MacIntyre, a self-described "prairie boy" from Western Canada, recalls the days of farming or framing houses or landscaping to make enough money to get by between his early minor-league years. Away from the arena, Howe recently shifted from landscape work to becoming a sous chef during his offseason. He began working in restaurants back home in Falmouth at 14 and moved behind the line at the age of 16.
Why? McIntyre senses that his job on the ice is being phased out — from the top of the hockey food chain. And he's not happy about it.

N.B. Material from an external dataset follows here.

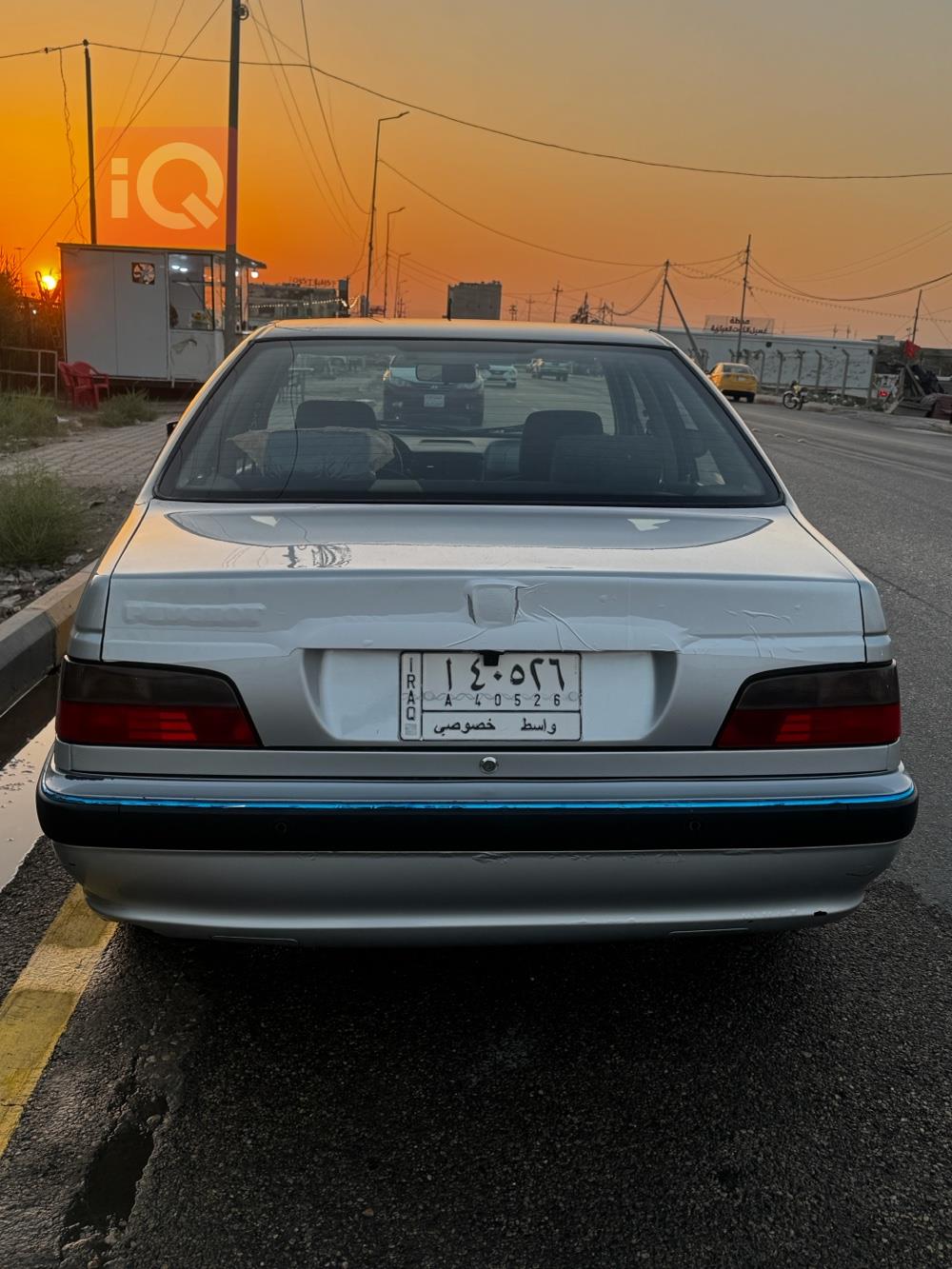 Peugeot Pars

"You stuck up for guys, stuck up for teammates and did what you did and now it's like, powers-that-be, wherever they are, saying, 'We're not going to have fighting in the game,'" he said. "What was the point of me getting my head busted in? One minute you say you want it, the next minute you say you don't. Ten out of 10 guys will say would you do it again? Dang right, you'd do it again.
"I went to war for those guys."
'Fighting will be my first-nature'
Standing tall inside the Grizzlies' bench, the sound of popping knuckles continues, this time as Howe points to areas on his massive paws where the toll of landing punches is most apparent. He's had busted bones, dislocated bones, cracked knuckles and his share of torn ligaments in each of his hands. No surgeries have been required, but he has had to play in a cast.
Howe's teeth still being intact might make some laugh, but it's the hands that must be looked after the most. They get the most action. The one time Howe suffered a broken nose didn't come in a round of fisticuffs — it came in youth baseball at 13. He quickly dismisses talk of concussions, saying he's never suffered one in a fight.
Howe not only represents what is likely one of the final generations of tough guys in pro hockey, but what the decline of his type means for the sport's culture. He's had his fair share of guys say "no thanks" to fights, something that Vukota and MacIntyre never could have imagined in their heydays.
"I can probably speak for all of us who do it," Howe said. "I personally hate that you'd go to five straight NHL games and you see maybe one fight. Nothing more bothers me in life. You take away the fighting and guys go around a little bit harder, a little bit cheaper now."
You can't go full goon these days, Howe said. Enforcers who can't even skate backward are extinct. The talent level rises considerably as an enforcer moves up the professional ranks, so Howe is focused on improving with his gloves on. He's required to add to more than a team's penalty minutes if he wants to keep collecting a paycheck.
"I'm definitely working on my game more than anything," he said, "but fighting will be my first nature."